● Provided data

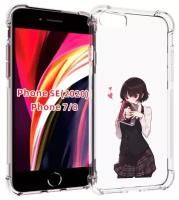 Чехол MyPads Persona 5 - Makoto Niijima для iPhone 7 4.7 / iPhone 8 / iPhone SE 2 (2020) / Apple iPhone SE3 2022 задняя-панель-накладка-бампер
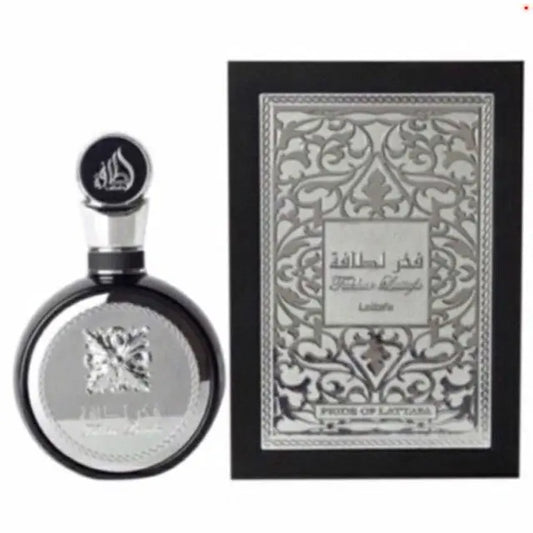Fakhar Lattafa Silver perfume EDP 100 ml Original For Man - Sham Perfume Store Perfume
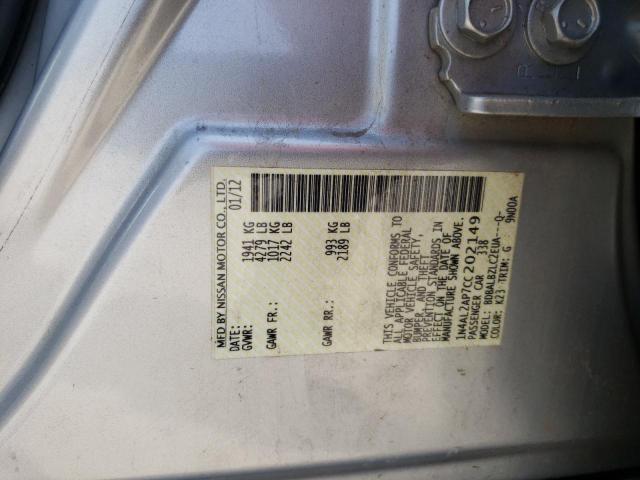 Photo 10 from auction – 2012 NISSAN ALTIMA BAS with VIN 1N4AL2AP7CC202149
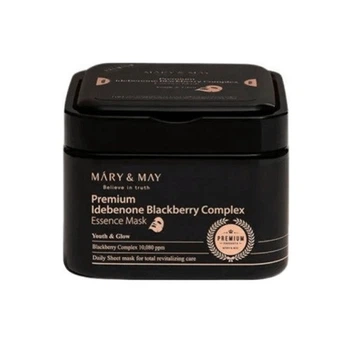 Тканинні маски Mary&May Premium Idebenon Blackberry Complex Essence Mask з ідебеноном (20 шт)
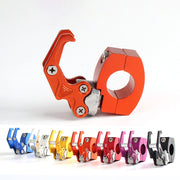 バイク用コンビニフック ヘルメットフック 吊り下げフック バイク用品 バイクアクセサリー バイク スクーター 荷物 便利 簡単 シンプル カラバリ豊富 黒 赤 青
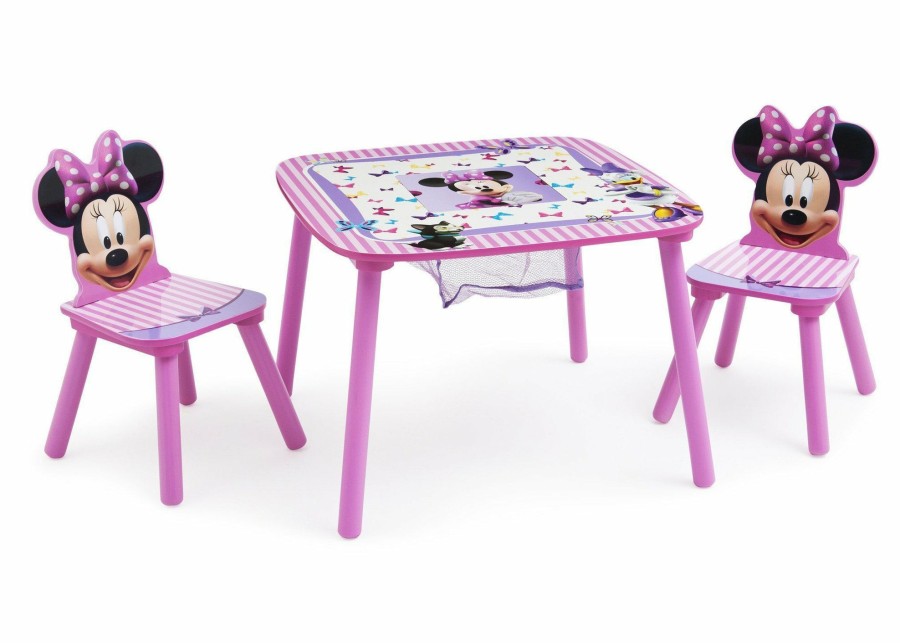 Delta Children Shop By Character | Minnie Mouse Table & Chair Set With Storage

● Exercise
Produce a verbatim copy of every entry, excluding pictures.

● Output of the exercise
 Чехол MyPads Persona 5 - Makoto Niijima для iPhone 7 4.7 / iPhone 8 / iPhone SE 2 (2020) / Apple iPhone SE3 2022 задняя-панель-накладка-бампер
Fakhar Lattafa Silver perfume EDP 100 ml Original For Man - Sham Perfume Store Perfume
 Photo 10 from auction – 2012 NISSAN ALTIMA BAS with VIN 1N4AL2AP7CC202149
 Тканинні маски Mary&May Premium Idebenon Blackberry Complex Essence Mask з ідебеноном (20 шт)
 バイク用コンビニフック ヘルメットフック 吊り下げフック バイク用品 バイクアクセサリー バイク スクーター 荷物 便利 簡単 シンプル カラバリ豊富 黒 赤 青
 Delta Children Shop By Character | Minnie Mouse Table & Chair Set With Storage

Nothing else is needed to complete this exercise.